* **Instructions for the task**: Repeat the stretch of entries below from the line with "Protective Formula Pre-Shave" through the line with "Girl child looking at a tablet.". Include both ends and add nothing.

* **Entries supplied**:
::::::

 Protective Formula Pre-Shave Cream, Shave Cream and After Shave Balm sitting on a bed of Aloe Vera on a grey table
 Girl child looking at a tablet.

::::::

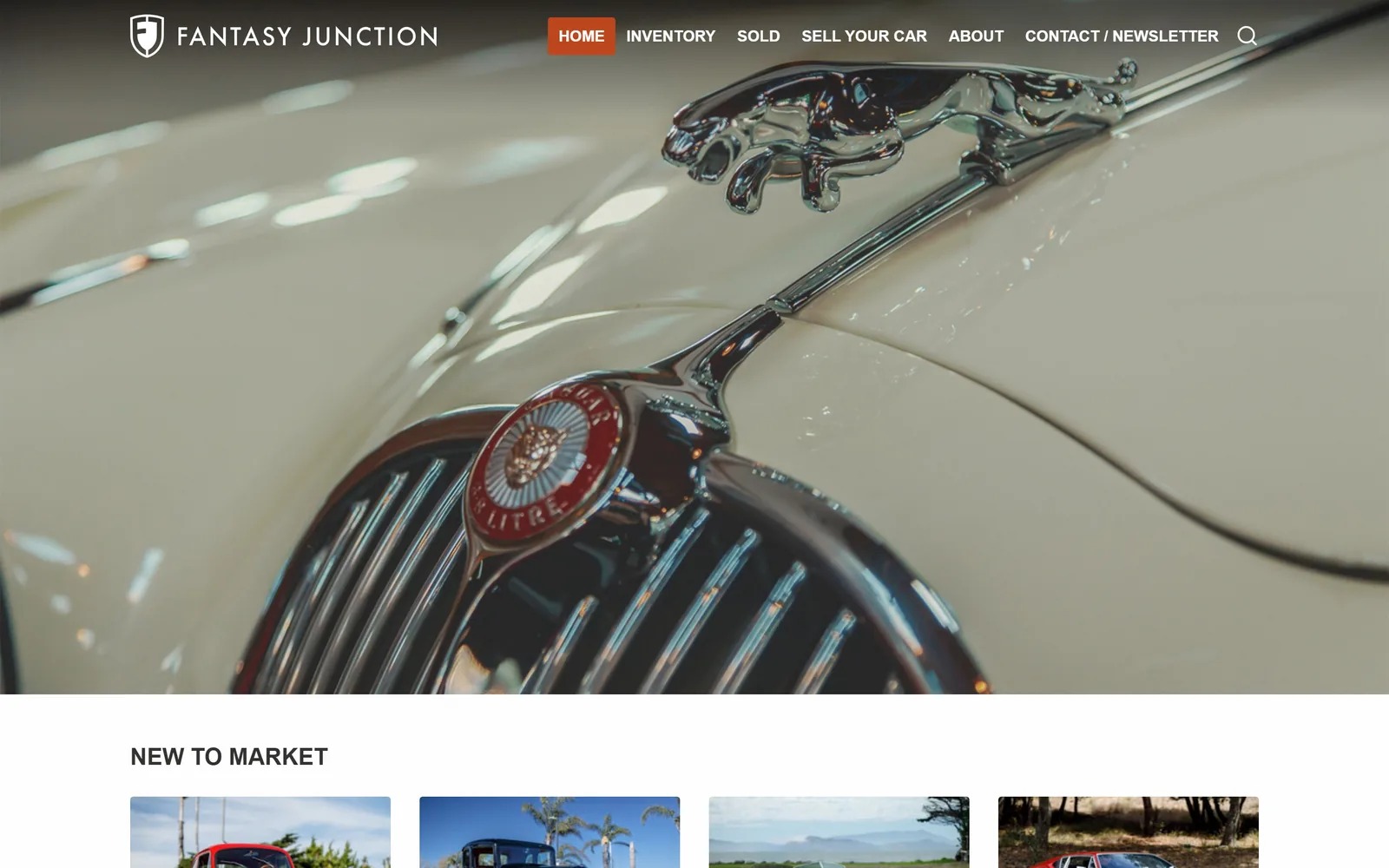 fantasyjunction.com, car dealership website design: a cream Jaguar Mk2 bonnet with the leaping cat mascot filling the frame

::::::

* **Answer space**:
 Protective Formula Pre-Shave Cream, Shave Cream and After Shave Balm sitting on a bed of Aloe Vera on a grey table
 Girl child looking at a tablet.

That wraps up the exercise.